The shift is a response to hard limits above ground. The capital’s core is straining under traffic, parking shortages and overloaded utilities, and in historic central wards such as Hoan Kiem, Ba Dinh, Dong Da and Hai Ba Trung there is almost no land left for large infrastructure.

Under the new plan, underground space will no longer be a scatter of disconnected basements but a single integrated system, knitted into existing centers, transit-oriented development zones and the metro network, with major underground hubs linked by strategic tunnels. The idea is a city that works vertically rather than one that simply spreads.
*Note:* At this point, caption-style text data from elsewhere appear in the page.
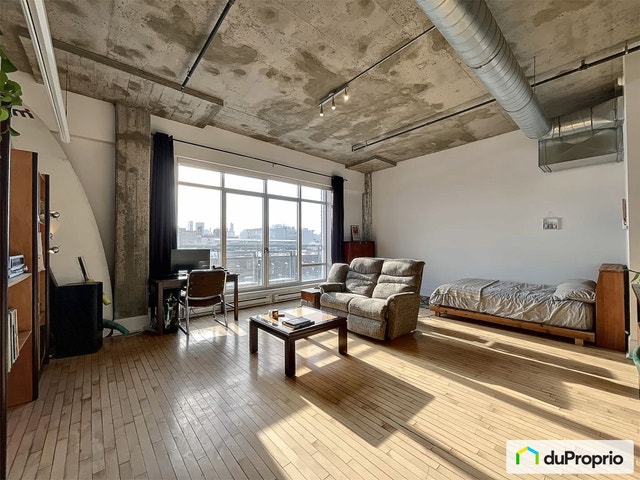$495,000 - Condominium for sale in Le Plateau-Mont-Royal — photo 1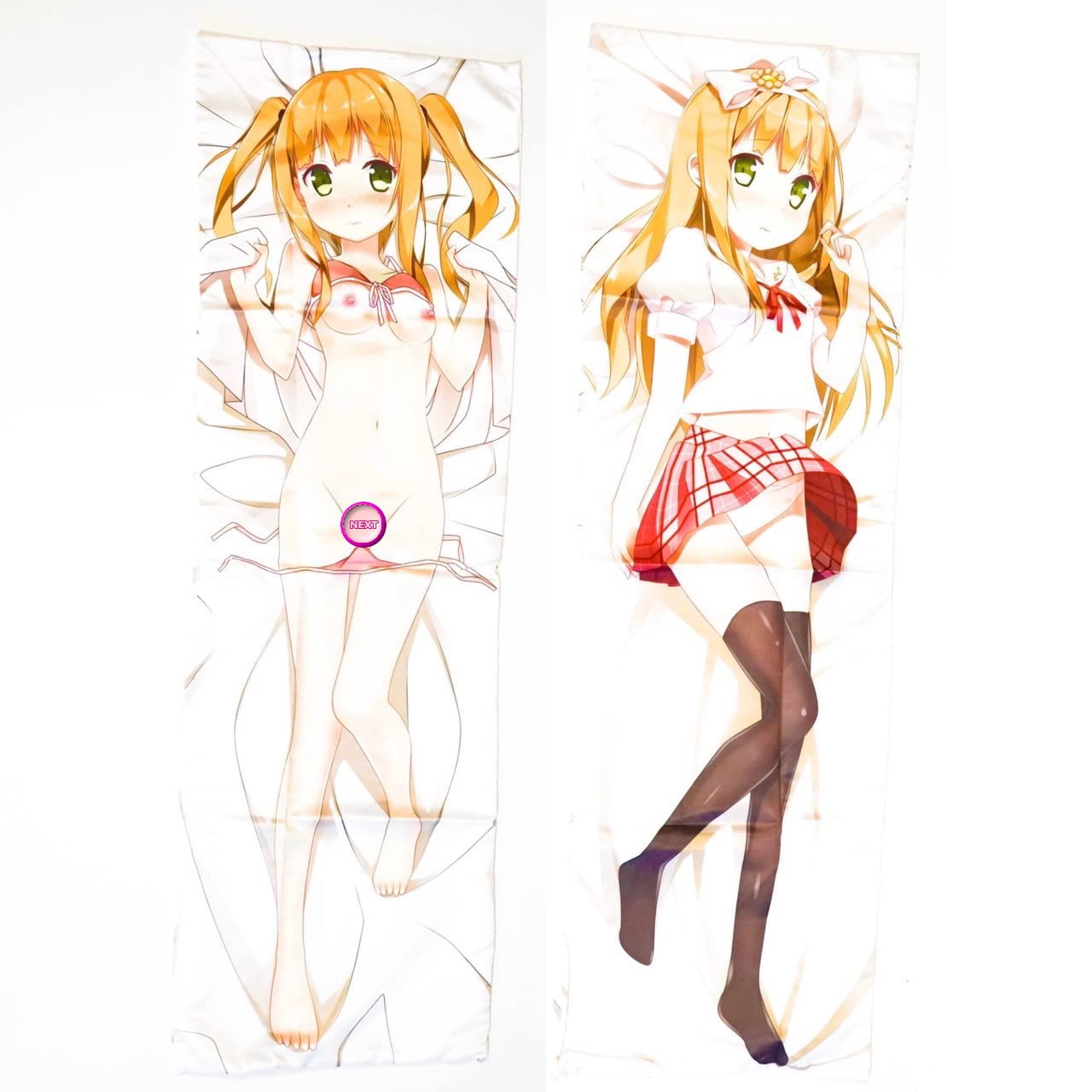 Amazon.co.jp: 抱き枕カバー 妖狐X僕SS/白鬼院凛々蝶 150*50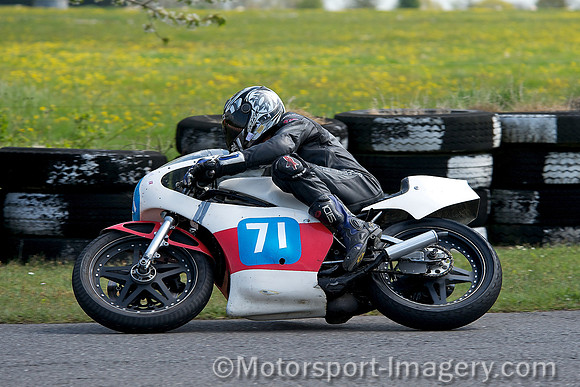 Martyn Nelson - Yamaha TZ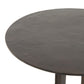 Douglas End Table - Antique Rust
Development is sorted into four depth tiers, each with a defined job. The top layer, from 0 to 15 m, handles daily life: pedestrian walkways, underground parking, utility lines, shopping space and the connections to metro stations, which makes it the most commercially valuable level. From 15 to 30 m sits the technical and strategic layer, with deep metro lines, disaster-prevention systems, energy and strategic-material reserves, and facilities needing tight climate control. The 30 to 50 m band is reserved for core infrastructure: large groundwater reservoirs, key utility corridors and defense and security installations. Everything below 50 m is locked away as a strictly protected reserve, untouched within this planning horizon.
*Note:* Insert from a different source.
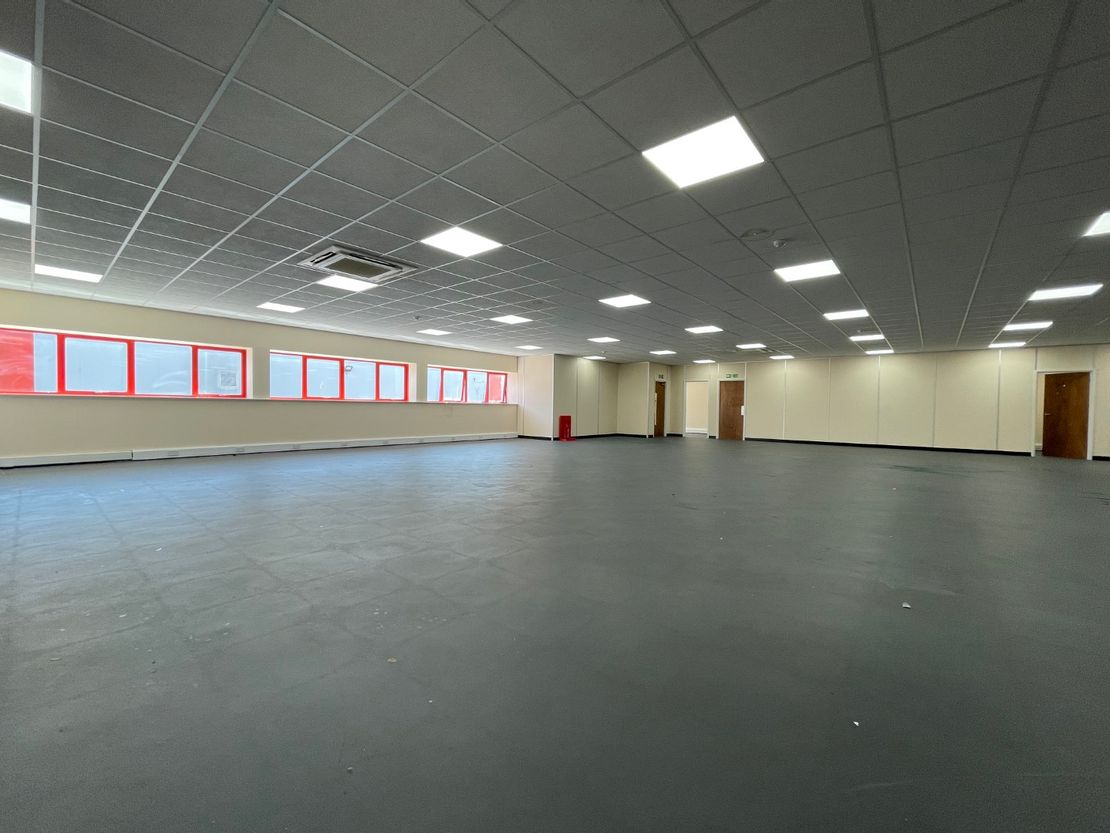 Unit A5, Beaver Business Park, Ashford, Kent, TN23 7SH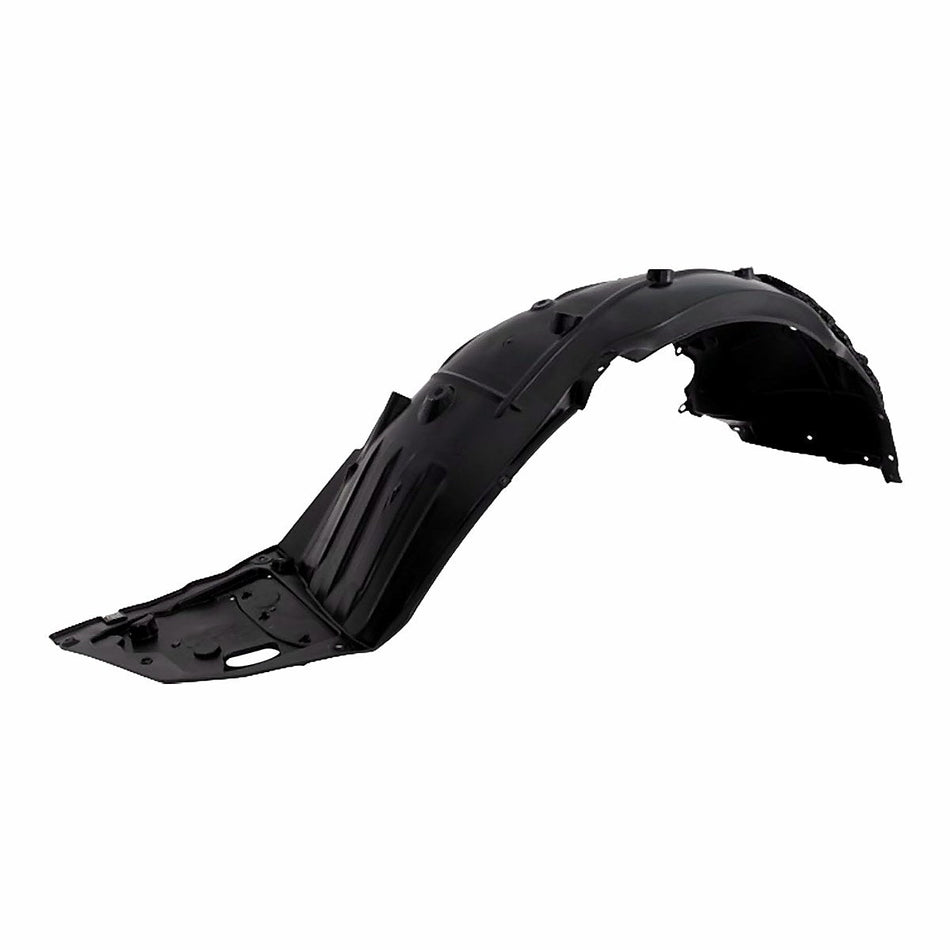 2022-2025 Honda Civic Sedan Fender Liner Front Driver Side - product view, Part HO1248202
The metro is the backbone of the whole scheme. Stations become three-dimensional complexes, and within a 500 m radius a resident could move, shop and park entirely underground without surfacing. Hanoi plans “Super Hub” complexes at major interchanges including Ngoc Hoi, Yen Vien and Tay Thang Long, designed as underground “city lobbies” linking high-speed rail, metro and commercial streets.

The plan also splits the city along the Red River. To the south, the focus is underground transport and large-scale parking tied together by utility tunnels. To the north, priority goes to underground transit concourses, shopping streets and reserved space for cross-river tunnels. Long Bien and Gia Lam are slated for a “smart” model that fuses infrastructure with data centers and city-management systems, while the satellite belt of Son Tay, Hoa Lac, Xuan Mai and Phu Xuyen will host underground parking and technical networks serving high-tech parks and computing facilities. Construction will be restricted or banned outright at heritage sites, on weak ground and in protected security zones.
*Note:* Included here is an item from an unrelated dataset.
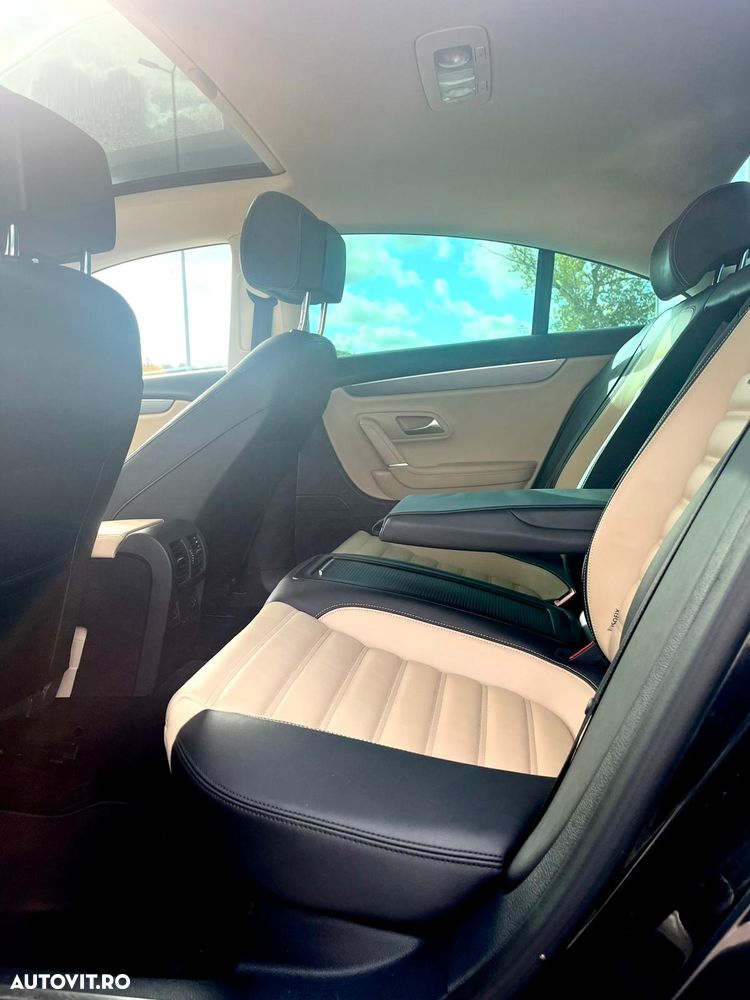 Volkswagen Passat CC 2.0 Blue TDI DSG - 12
Shoppers at an underground shopping mall in Hanoi. Photo by Read/Hoang Phong

Underground development has been adopted by major cities in Asia and around the world. Singapore has spent years moving logistics, fuel storage and data centers underground to free its scarce surface for housing and greenery, Tokyo runs vast underground reservoirs to manage flooding, and cities from Helsinki to Montreal have formalized underground development into dedicated master plans.

The rollout runs in four phases. From 2026 to 2035, the city will build the legal framework, management tools and overall design. Between 2035 and 2045, it aims for underground works to make up at least 20% of construction land in the central area. By the 2045-2065 phase that share is projected to reach 35-40%, alongside heavy growth in commercial, logistics and parking uses. After 2065, the focus turns to running and optimizing the system digitally, completing what planners call a full “second urban layer” beneath the ground.

The underground vision is one piece of the Hanoi Capital Master Plan, a 100-year blueprint approved by the Hanoi People’s Council on Jan. 27 that sets the city’s strategy out past 2085.